FLASH Talks: Arvind Gupta (NOIRLab) & Abi Saha (NOIRLab)


Friday, 15 September 2023 noon — 1 p.m. MST

NOIRLab Headquarters | 950 North Cherry Ave., Tucson, AZ 85719

FLASH Talks
Arvind Gupta (NOIRLab) & Abi Saha (NOIRLab)

Arvind Gupta, NOIRLab
Searching for Snapshots of Giant Planet Migration: case studies of eccentric warm Jupiters with NEID
The production of Jupiter-sized planets with orbital periods of P < 10 days – “hot Jupiters” – has presented an enticing challenge for our understanding of exoplanet dynamics and planet formation. A number of viable migration models have been put forth, but post-migration orbital evolution often erases important clues to the dynamical history of individual systems, making it difficult to determine how much each formation channel contributes to the observed population. Case studies of warm Jupiters, which will have retained primordial orbit information, offer an opportunity to tackle this challenge. I will discuss new results of an ongoing warm Jupiter observing campaign with the NEID spectrograph on the WIYN 3.5-m telescope at Kitt Peak, highlighting several freshly confirmed systems and discussing the status of each system within the context of hot Jupiter formation.
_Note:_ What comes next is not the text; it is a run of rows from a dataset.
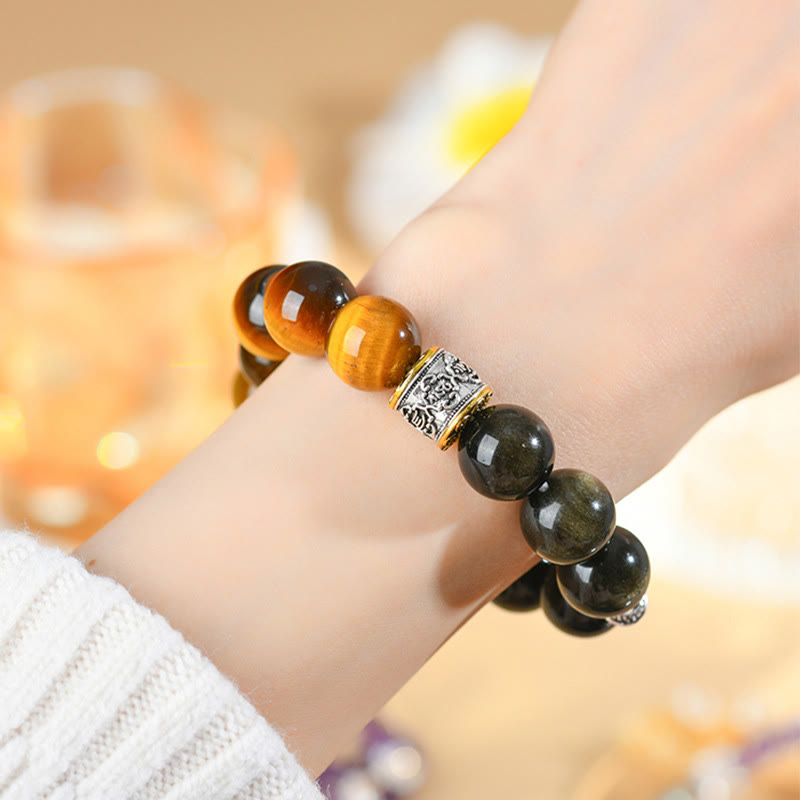 Buddha Stones Tijgeroog Goudglans Obsidiaan Om Mani Padme Hum Armband - image 10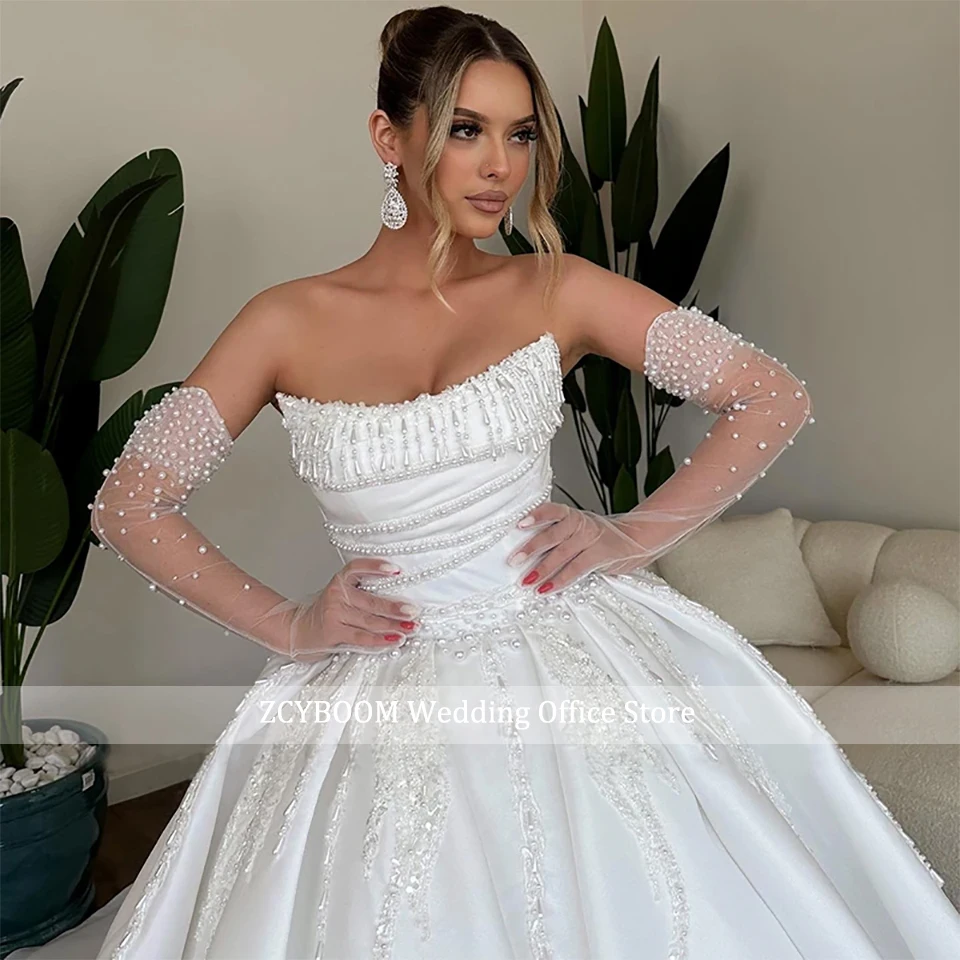 Luxe Parels Kralen Strapless Satijn Trouwjurken 2025, Prinses Baljurk Kant Applicaties Vrouwen Bruidsjurk Vestidos De Novia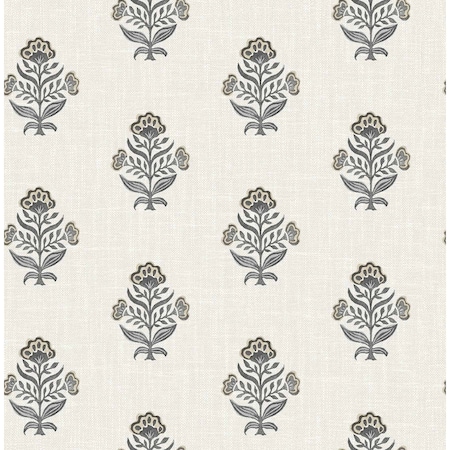 Chesapeake Hollyhock Black Floral Crest Wallpaper 4148-27418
Among these is the highest eccentricity transiting planet yet discovered, which adds to the sparse sample of bona fide progenitors to hot Jupiters, and for which we recently captured a serendipitous measurement of the Rossiter-McLaughlin effect.

Abi Saha, NOIRLab
Photometric Investigation of stars in the Galactic Bulge with DECam: a pathway for discoveries with Rubin/LSST
We expect to find fossil signatures of the earliest history of how the Galaxy came together embedded in the complex stellar population structure of the Galactic bulge, a topic that is ripe for investigations with Rubin/LSST.  While the methods of analyzing complex synthetic populations using photometric techniques is well advanced, the star fields in the bulge are a) extremely crowded, and b) severely affected by interstellar extinction that not only changes on angular scales of less than an arc-minute, but also deviates from the standard reddening law. I will recount a study using multi-band DECam imaging that addresses and (mostly) overcomes both of these technical issues, and produces results that contain some unexpected surprises that give us a glimpse of the kinds of discoveries that await Rubin/LSST.